En paralelo a la historia familiar seremos testigos de evolución de los cuatro miembros que la integran, y en especial del padre de la protagonista, un hombre que abandona su vida como reputado intelectual a lo largo de una senda de sacrificios entre los que se incluirá él mismo. Cada miembro de la familia tomará un camino distinto en su nueva coyuntura, desde el aislamiento hasta la lucha, pasando por la aceptación positiva o la resignación. Un abanico de opciones con sus pros y sus contras, cuatro maneras de sobrevivir al desarraigo y a su nueva condición de ciudadanos de segunda.
La guerra no tiene rostro de mujer
Con este título puso voz a las mujeres que combatieron en las filas del Ejército Rojo en la Segunda Guerra Mundial la periodista y escritora ganadora del Premio Nobel de Literatura, Svetlana Alexiévich.

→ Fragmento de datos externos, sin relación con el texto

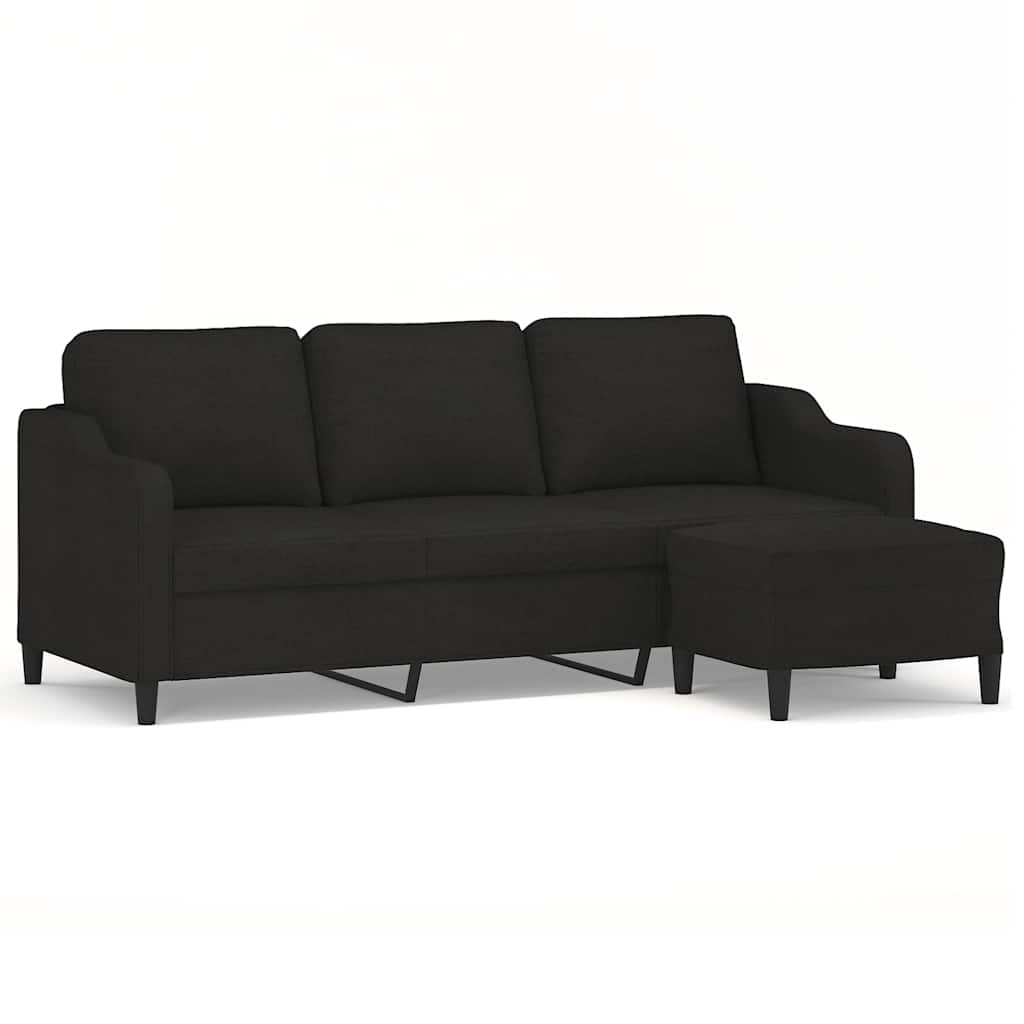 Canapé à 3 places avec repose-pieds Noir 180 cm Tissu - XIOS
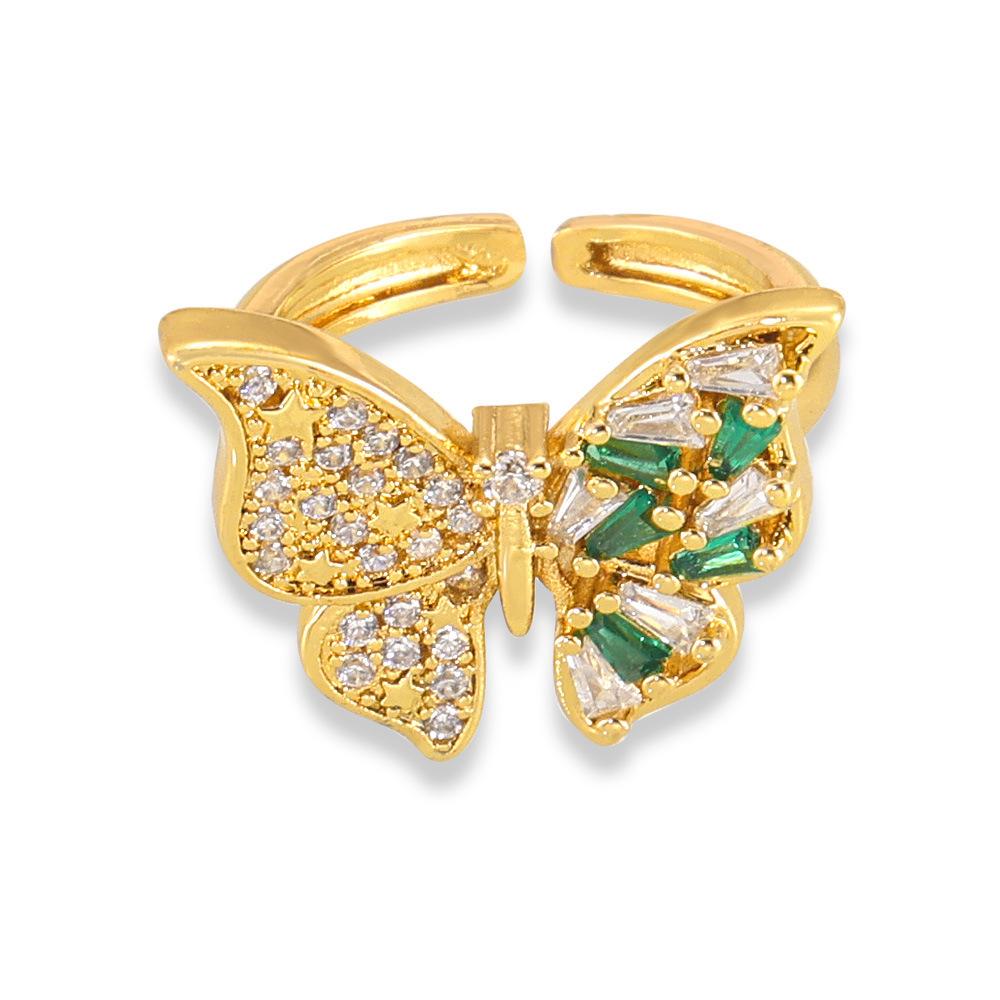 Korean Butterfly Shape Rhinestone Ring: Elegant 18k Gold-Plated Copper Design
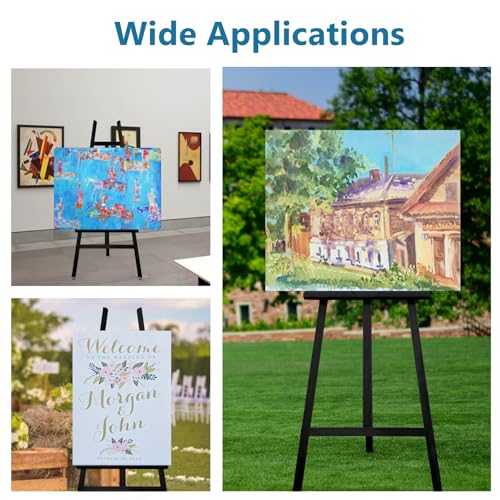 A-Frame Wooden Display Easel, Lyre Beechwood Studio Easel Stand, Black - color: Black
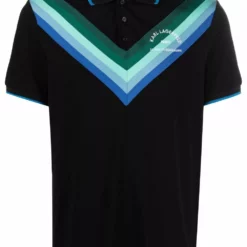 Karl Lagerfeld stripe logo-address polo shirt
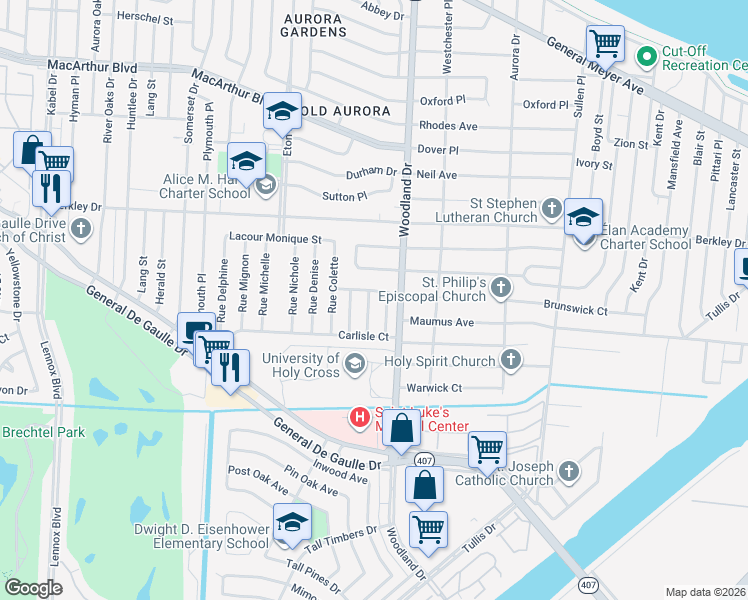 map of restaurants, bars, coffee shops, grocery stores, and more near 3700 Rue Andree in New Orleans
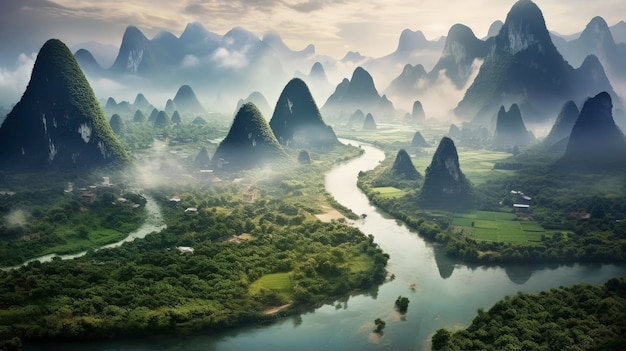 그림 같은 구이린 중국 카르스트 산맥 구불구불한 강 생성적 AI 기술로 제작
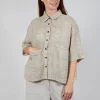 Oversized Wool Shirt in Beige Check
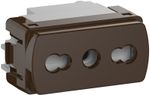 MODULO ENCHUFE BIPASO 2P+T 10/16A - CAFÉ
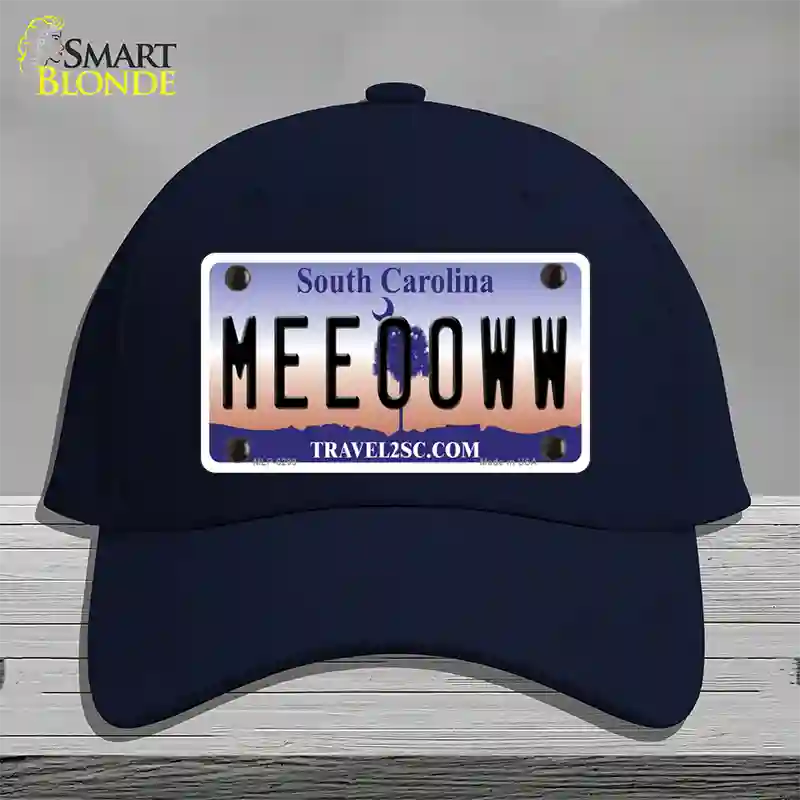 Meeooww South Carolina Novelty License Plate Hat Cotton / Navy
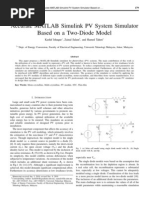 Accurate MATLAB Simulink PV System Simulator Based On A Two-Diode Model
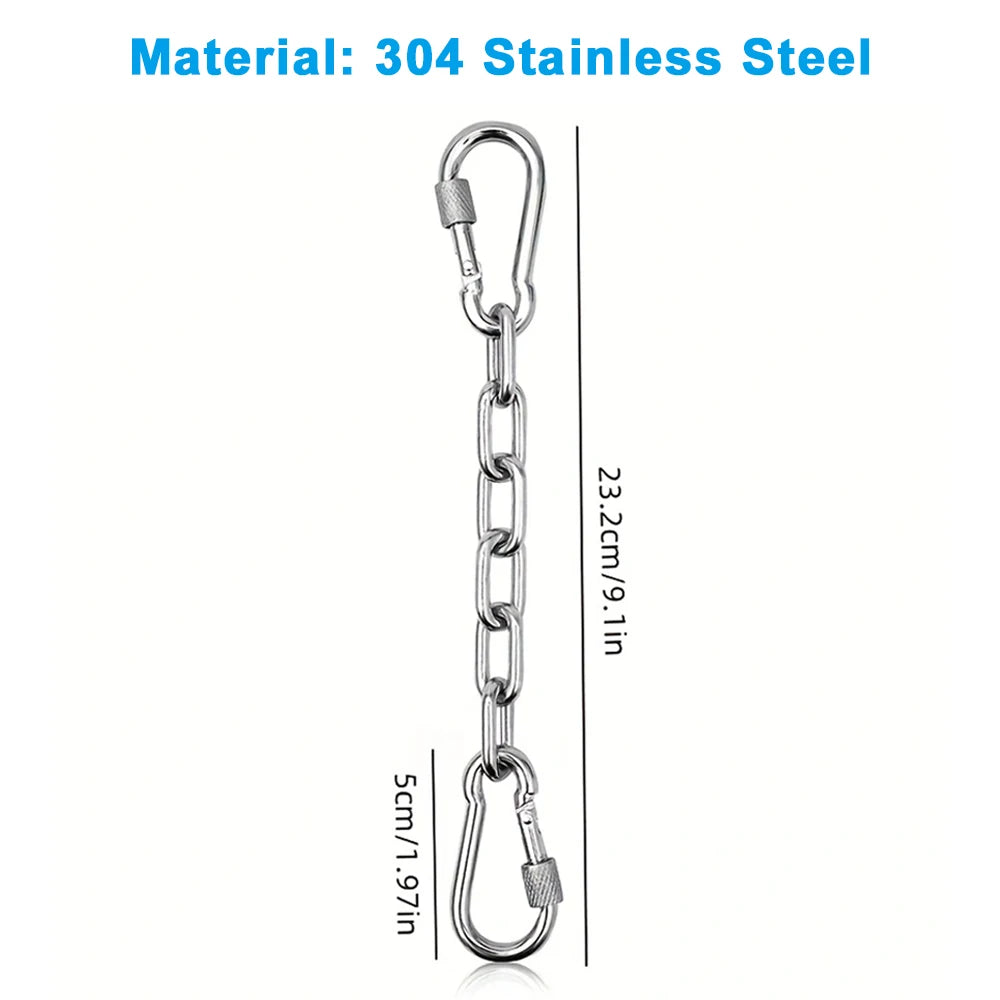 Chain Dog Collar Clips Anti-Bite Double-Headed Metal Safety Buckle Pet Leash Connector Paw Print Design Secure Chain Attachment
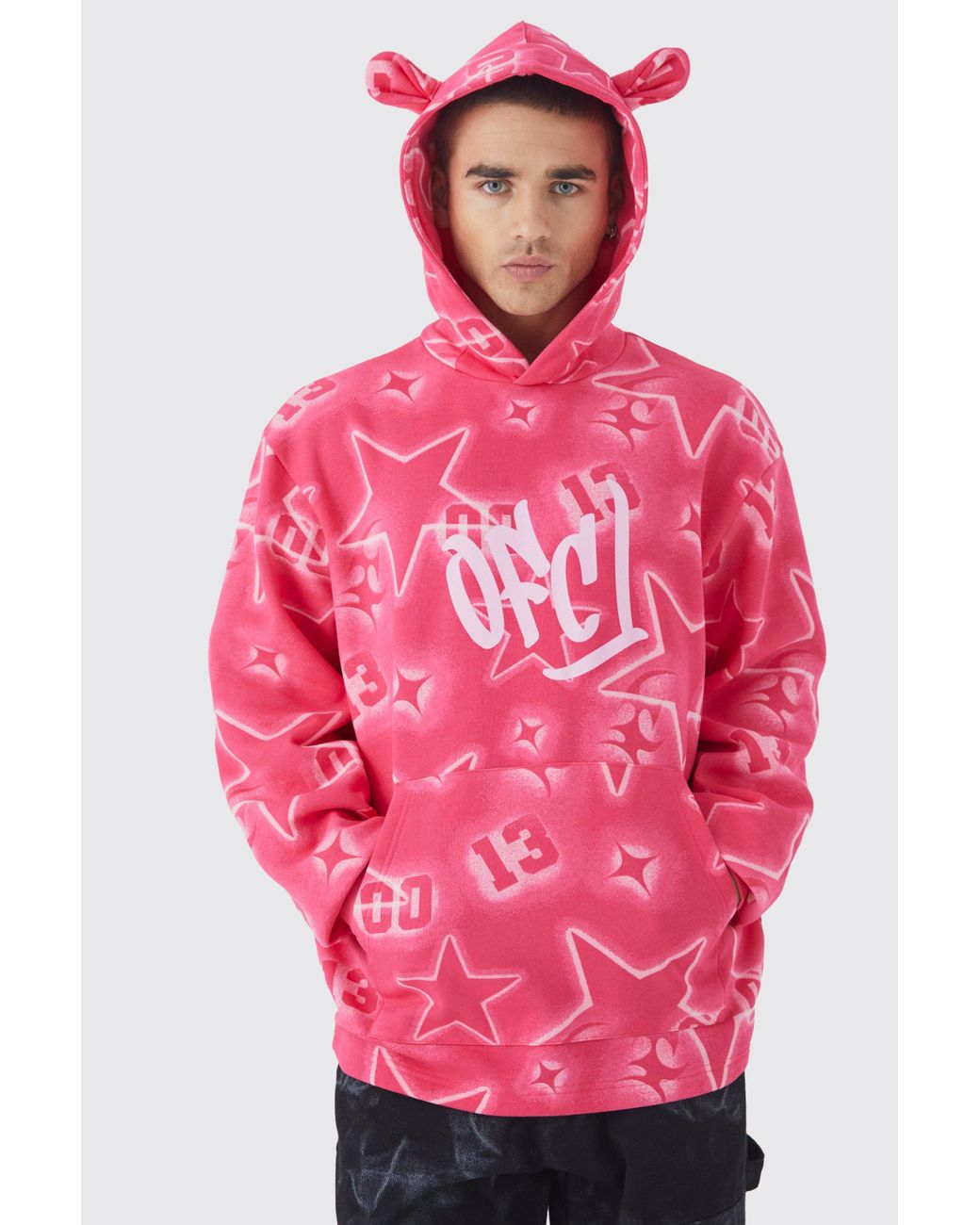 Boohooman pink hoodie on sale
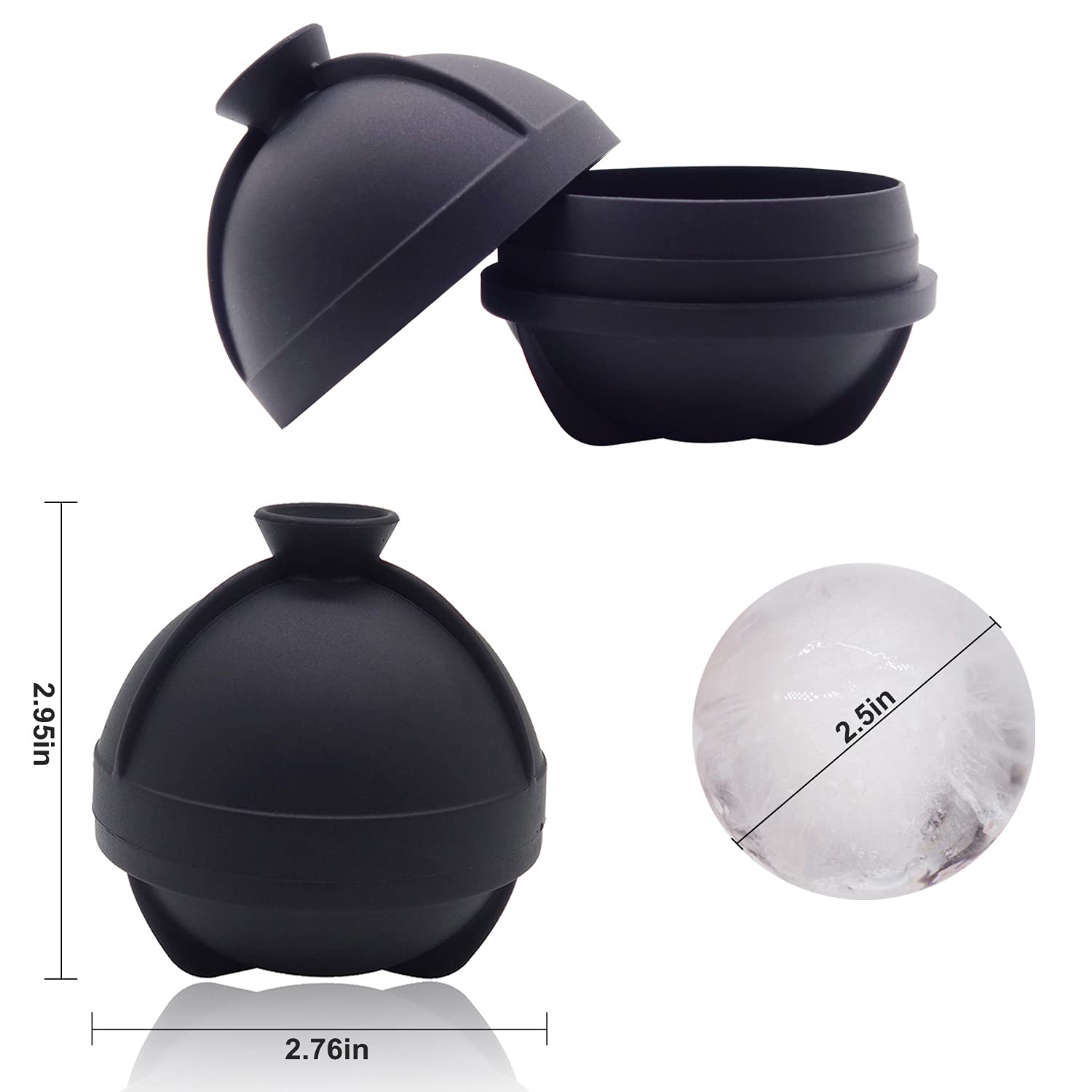 Helpcook silicone ice ball mold 2.5 inches; food-grade and easy release.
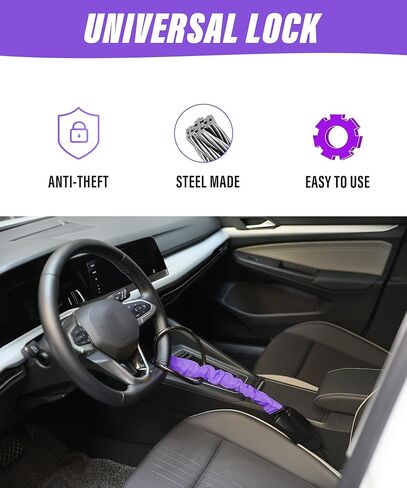 قفل عجلة القيادة، جهاز مضاد للسرقة لقفل عجلة القيادة عالي القوة مع مفتاحين، جهاز أمان السيارة لمنع سرقة السيارة، قفل حزام الأمان العالمي لمعظم السيارات (أسود) in Kuwait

En el caso de Europa, Cristina Cerrada arroja luz sobre los horrores que padecen las mujeres en la guerra, abusos especialmente crueles debido a la violencia sexual, de la que no escapan tampoco las niñas, como las niñas nigerianas secuestradas en Chibok por Boko Haram o las niñas yazidíes raptadas por el Estado Islámico. Las mujeres siempre son más vulnerables en estos conflictos que de tener rostro, nunca sería femenino, si atendemos a cifras y estadísticas. En el libro de Cerrada algunos de estos episodios terribles se nos muestran desnudos, mientras que otros suceden fuera del encuadre: gritos, insultos, humillaciones, disparos o carreras que no alcanzamos a ver pero que sobrecogen tanto o más que una imagen clara de los hechos. Porque en la guerra el dolor está en todas partes, dentro del plano y fuera de él, en la bala, en la herida o en el recuerdo.